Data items
Content starts
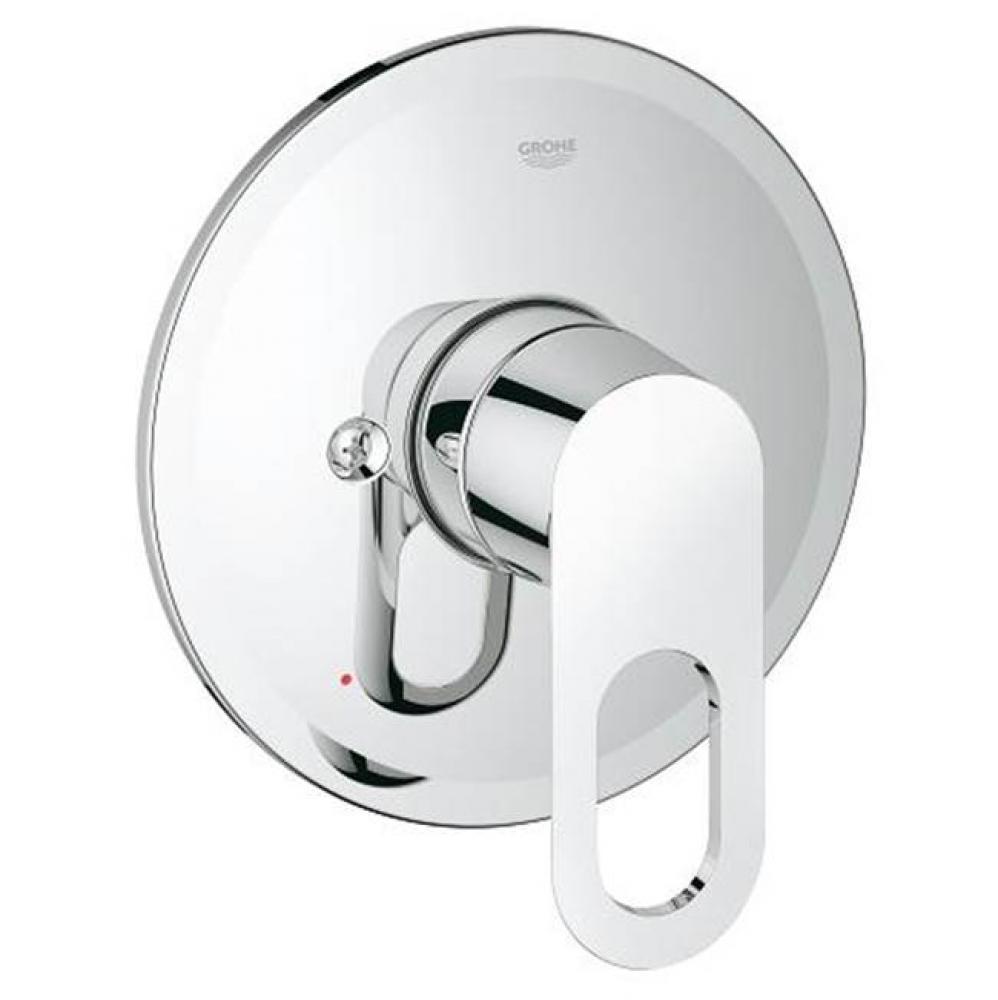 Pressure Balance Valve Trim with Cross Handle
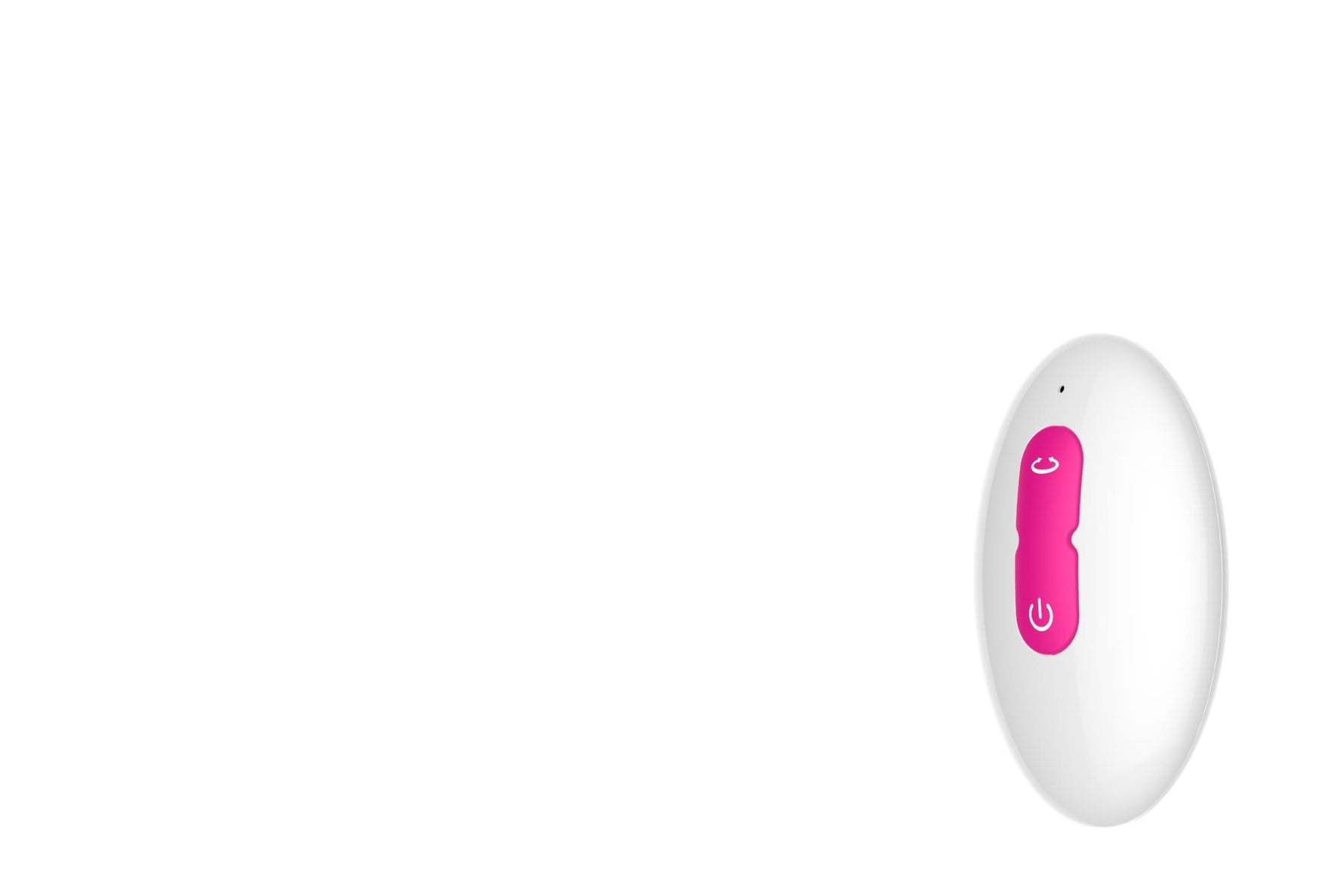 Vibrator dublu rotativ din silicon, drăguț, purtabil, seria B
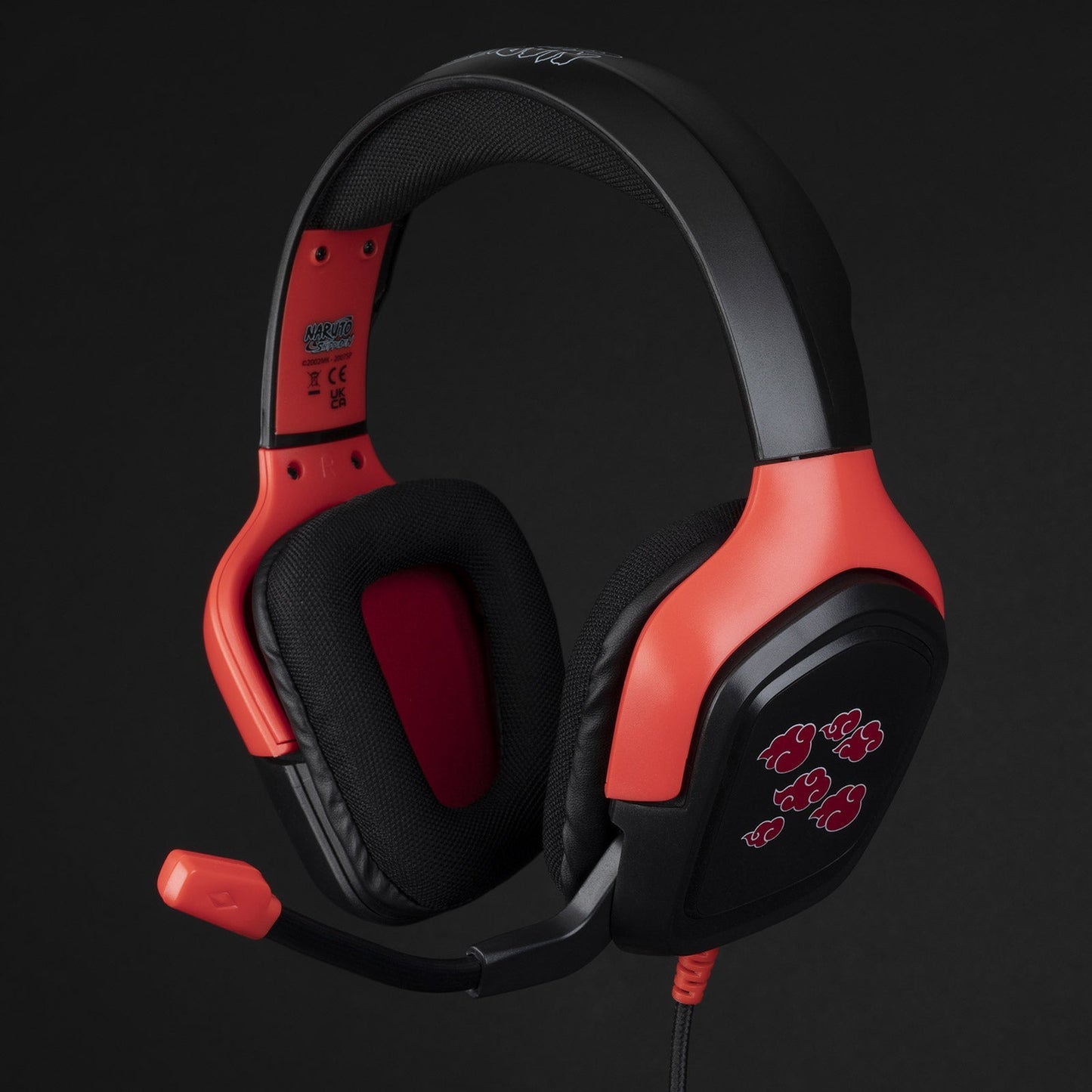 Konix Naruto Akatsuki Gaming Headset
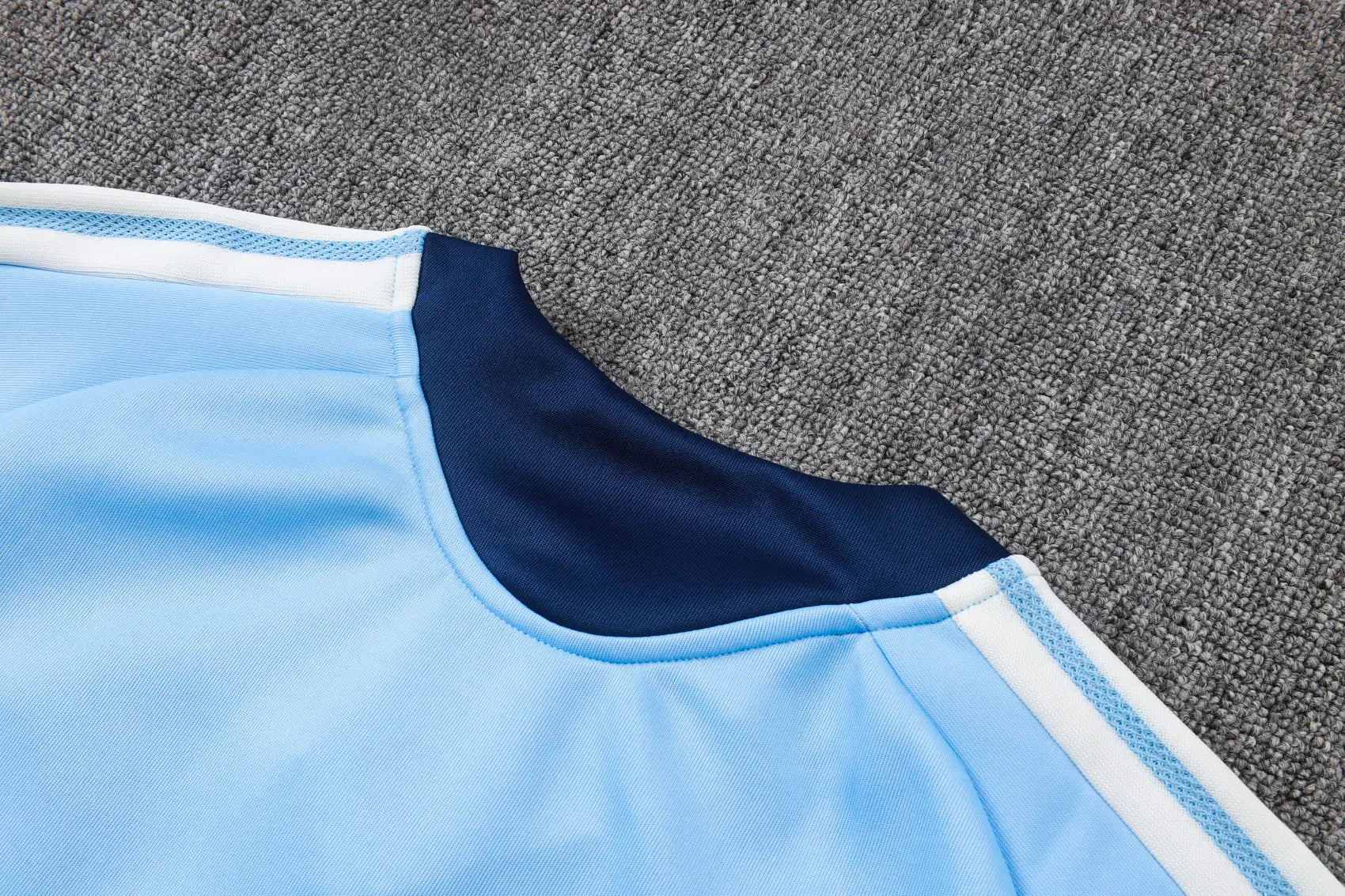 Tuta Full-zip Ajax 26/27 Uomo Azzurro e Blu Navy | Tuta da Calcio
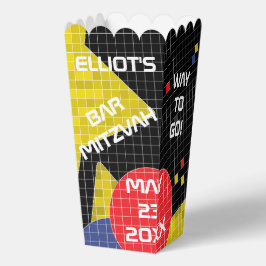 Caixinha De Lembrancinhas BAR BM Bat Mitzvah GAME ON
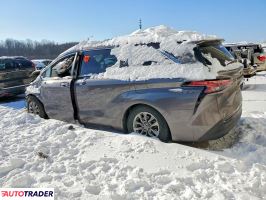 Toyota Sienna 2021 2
Content ends
| INSTRUCTIONS TO FOLLOW |
Excluding all pictures, reproduce the records exactly as they appear above.

| SOLUTION |
 Pressure Balance Valve Trim with Cross Handle
 Vibrator dublu rotativ din silicon, drăguț, purtabil, seria B
 Konix Naruto Akatsuki Gaming Headset
 Tuta Full-zip Ajax 26/27 Uomo Azzurro e Blu Navy | Tuta da Calcio
 Caixinha De Lembrancinhas BAR BM Bat Mitzvah GAME ON
 Toyota Sienna 2021 2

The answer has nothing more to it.